Oblomov24 · 02/11/2024 08:09

I've never heard a good trans debate, yet. They all argue themselves into the ground and end up look a bit silly.

babyproblems · 02/11/2024 08:09

Marcipex · 02/11/2024 00:43

YANBU and your daughter should let your son find his own path.

There’s growing evidence that many, in fact most, young people are changing their minds as they mature, and pushing them into irreversible treatment is highly unethical.

Could you help your son unpick what he wants? To try out a different name? Explore hobbies he sees as feminine (embroidery, flower arranging, whatever)? Find a group where he feels he fits in (choir, dungeons & dragons, expressive dance)? Try out long hair and nail polish?
Something that doesn’t say that you reject his feelings, but doesn’t involve him teetering around in heels and a dress. Because this, unfortunately, screams ‘kick me’ to some people.

This stuck out to me as good advice. I would be pointing out to him that wearing heels and a dress doesn’t = woman for a starters if that’s the way he is going. It seems so so ironic to me to call people out for using ‘labels’ and claim to be totally label free and be able to express how you like, yet then do things that you believe put you firmly in the camp of another label and insist others address you by that label. don’t know if I’m articulating myself well here but I would try and beat them at their own game by forgetting all labels and seeing it all as just different activities for different people. Your DD needs to give more space to your son. I would try and reduce a family culture of we have ADHD or other diagnosis because this to me seems to encourage this labelling of everything. It doesn’t really matter who has what and it not relevant or necessary for people to be categorised in life - it’s just about living and reaching towards happiness and things you personally value and see as important.

MissScarletInTheBallroom · 02/11/2024 08:16

Assuming your daughter is NT, I'd be tempted to speak very plainly to her.

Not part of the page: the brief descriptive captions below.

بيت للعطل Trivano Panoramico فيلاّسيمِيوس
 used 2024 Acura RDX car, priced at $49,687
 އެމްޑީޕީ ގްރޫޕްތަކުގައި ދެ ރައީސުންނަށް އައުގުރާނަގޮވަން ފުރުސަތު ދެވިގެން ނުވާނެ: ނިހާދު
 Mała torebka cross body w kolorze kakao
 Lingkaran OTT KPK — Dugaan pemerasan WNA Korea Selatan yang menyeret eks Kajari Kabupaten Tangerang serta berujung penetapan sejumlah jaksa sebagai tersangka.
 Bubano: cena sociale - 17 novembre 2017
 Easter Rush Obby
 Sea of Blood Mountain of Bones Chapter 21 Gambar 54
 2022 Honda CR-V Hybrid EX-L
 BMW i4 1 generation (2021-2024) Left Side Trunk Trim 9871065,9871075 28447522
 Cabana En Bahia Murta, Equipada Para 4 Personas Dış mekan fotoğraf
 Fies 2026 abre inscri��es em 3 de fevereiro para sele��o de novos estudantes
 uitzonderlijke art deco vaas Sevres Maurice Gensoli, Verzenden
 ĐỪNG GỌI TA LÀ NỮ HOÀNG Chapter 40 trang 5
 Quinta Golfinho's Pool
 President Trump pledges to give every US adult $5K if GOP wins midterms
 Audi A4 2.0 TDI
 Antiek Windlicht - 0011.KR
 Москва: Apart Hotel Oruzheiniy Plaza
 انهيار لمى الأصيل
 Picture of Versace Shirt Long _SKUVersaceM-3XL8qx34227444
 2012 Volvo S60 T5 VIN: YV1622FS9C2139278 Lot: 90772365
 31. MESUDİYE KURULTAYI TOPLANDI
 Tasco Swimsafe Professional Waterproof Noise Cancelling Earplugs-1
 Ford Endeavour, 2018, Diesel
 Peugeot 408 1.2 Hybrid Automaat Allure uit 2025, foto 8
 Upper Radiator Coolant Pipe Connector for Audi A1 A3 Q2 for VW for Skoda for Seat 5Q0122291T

"DD, I love you and your brother very much, and I love that you want to be kind and tolerant and accepting. But you're 16 years old, your brain is still developing, and you don't yet have the lived experience to understand all the ways in which men's and women's bodies are fundamentally different and the impact this has on our lives. If, at some point in the future, you decide you want to have children, and you go through the journey of trying to get pregnant, actually being pregnant, giving birth and raising a child, you will most likely see things differently. You'll find it far more difficult to accept the idea that the only difference between men and women is how they feel inside, and you will also feel a powerful urge to protect your children from anything that might cause them harm. Your brother is also young, his brain is also still developing, and he has autism. Many young people with transgender identities have autism, there's a very strong correlation. And many medical professionals now believe that children with autism may believe they are trans when they are in fact not trans, because they mistake the feelings they have of not quite fitting in for having been born in the wrong body. The consequences of this are significant. If a young person takes hormones and has surgery, this cannot be reversed. It means they'll never have a normal sex life or the chance to have children of their own. There are even detransitioned people who have had surgery in their 20s and 30s and regretted it. So transitioning is not a decision that should be taken lightly. Please leave your brother alone and stop encouraging him down this path. If that is the path he decides to take, when he's old enough to make that decision, so be it. But please lay off and stop pushing the trans stuff. Give your brother the space to discover who he is without any external pressure."

WomensRightsRenegade · 02/11/2024 08:18

Why are grown adults on this thread using nonsensical phrases like ‘questioning their gender’? Do you not hear how ridiculous that is?

if you said ‘they’re questioning their sex’ or ‘they’re questioning if they like dressing in a traditionally masculine or feminine way’ the absurdity would be a lot clearer.